People don't like Hell.  Shocking, I know, but the idea of hell isn't easily stomached by the modern generation.  We don't like the idea of a place of eternal torment, where unimaginable torment awaits evil for all eternity, and God is responsible for it.  Seems counter-intuitive, especially considering the nature of God as an all-merciful being and whatnot.  However, while we may not like Hell, we do want Hell.  As unpleasant as it sounds, we desire Hell, and we'd be rather upset if there were no Hell.  L'explanation:

Even Satan is bored in Hell.
Hell exists because God is just.  God separates right from wrong, good from evil, truth from falsehood, and to each is assigned its due.  We want a just God, we need a just God, precisely because we want and need goodness.  Human nature constantly aspires for goodness, we always seek for good, we seek to destroy evil.  Even in our most evil atrocities, we don't aspire to them for their own sake, but rather seek a distorted good through misplaced means and maligned intents.  As people who are oriented  towards goodness, we desire that goodness not to be in vain.  Because we take consequence with the dichotomy of good and evil, we want our quarrel to be consequential.  Nothing would piss us off more that if we found out none of it ever matter, that we could be Mother Teresa or Charles Manson and it would mean nothing either way.  We want to be good, to be right, and we really want that desire to be affirmed.  We'd find ourselves disappointed to discover that our desire for justice, for goodness, and for truth to be the vain anomalies of a cosmic void.  (I smell a prolonged debate a-brewing over this part...)  We want Hell, because we want goodness to be good, and in order for goodness to be good, evil must not be good.  (Re-read that a few times, you'll get it.)  Hell is a just God being just, Hell is a just God letting evil be evil.  We, human beings, being moral agents (dudes and dudettes who have to discern and choose between good and evil.) must then have an end to our moral choices, and having committed killers and convicted saints be ultimately indifferent would make our moral agency ultimately indifferent.  Yeah, you could say you ought to be a good person for goodness's sake, to which I'm going to respond by being an arsonist for arson's sake.  They're ultimately the same thing without justice.

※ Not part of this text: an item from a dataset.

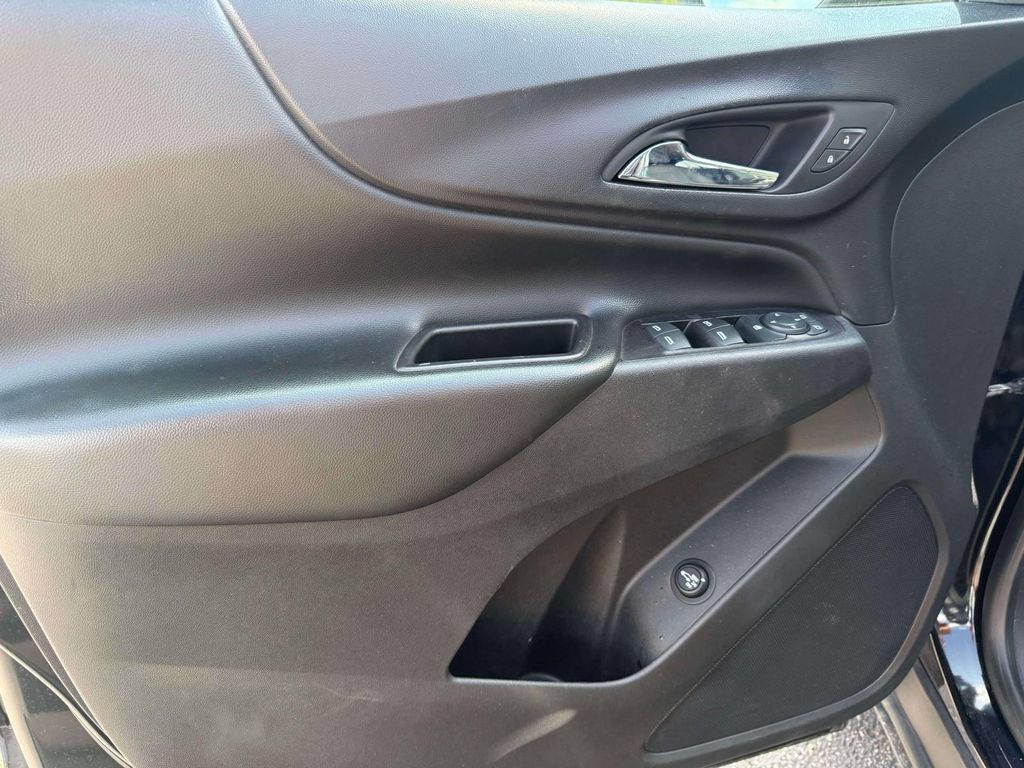 Used 2019 Chevrolet Equinox LT AWD/4WD image 11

Hell is the result of God's Love.  I'll say it again.  The Fires of Hell are lit by God's Love, not hatred.  People don't go to Hell because God's really really peeved by them, people go to Hell because they choose to go to Hell.  God's Love has given us a marvelously wonderful (and rather terrifying gift), and one all too often understated: freedom of will.  We are not automatons, we are not machines, we have the incredible gift of choice, and with that choice comes the capacity to Love.  This is truly God's image, that man has the perpetual choice to love.  We have the capacity to receive God's Love and return it in kind, as well as the power to receive God's Love and do absolutely nothing about it.  Hell the choice we choose when we don't choose God.  Hell is when we short circuit the Divine Cycle of Love.  The souls in Hell (if there are any there in the first place) are there willingly.  Their perpetual choice to love has been eternally cemented against God, their power of will forever turned away from God.  Their torture is not God's cruelty, but his Love.  By denying the Love that creates, sustains, and redeems them, they are torn down to their very nature.  A will against God is self-destructive, it destroys the soul from within by denying the very principles and truths that created it.  God, being a just God, allows the free will of man to be free, even unto the point of damnation.

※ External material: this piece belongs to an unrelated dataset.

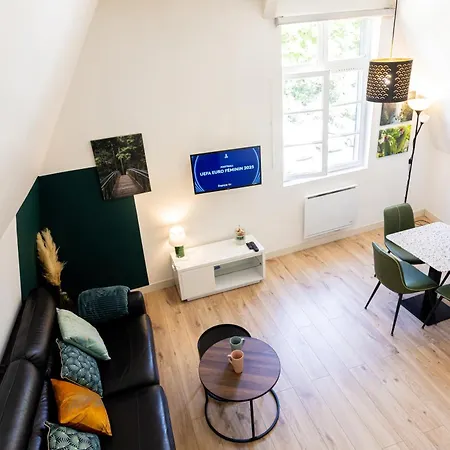 Mirabeau Sous Les Toits 2 - *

Our God is Merciful and Just.  His Justice is His Mercy.  God has the ability to do what no one else can do:  perfectly discern Good from Evil.  He alone can immaculately mark out the line between good and evil, a line that runs right through the human soul, and thus only he is able to separate from our hearts that which is vile and evil and retain that which is good.  In this swift and precise justice, he is merciful, for he cleaves from us what is evil and nurtures in us that which is good.  Most see justice as a condemnation, but God's Justice is so perfect it is salvation.  However, one still has the choice, the choice to resist the execution of Divine Mercy, to fight against the torrent of Divine Justice, and for that person exists Hell.

So, you want to avoid Hell?  Don't resist Divine Justice.  You have married your soul to lies and falsehoods by your sins; submit yourself to God and let him take the razor's edge to your heart, so as to chisel away your hardness of heart.  The mark of a Christian isn't perfection, it is true repentance.  The extent to which you repent is the extent to which you will be exulted by Divine Justice, free of the weights to drag you down.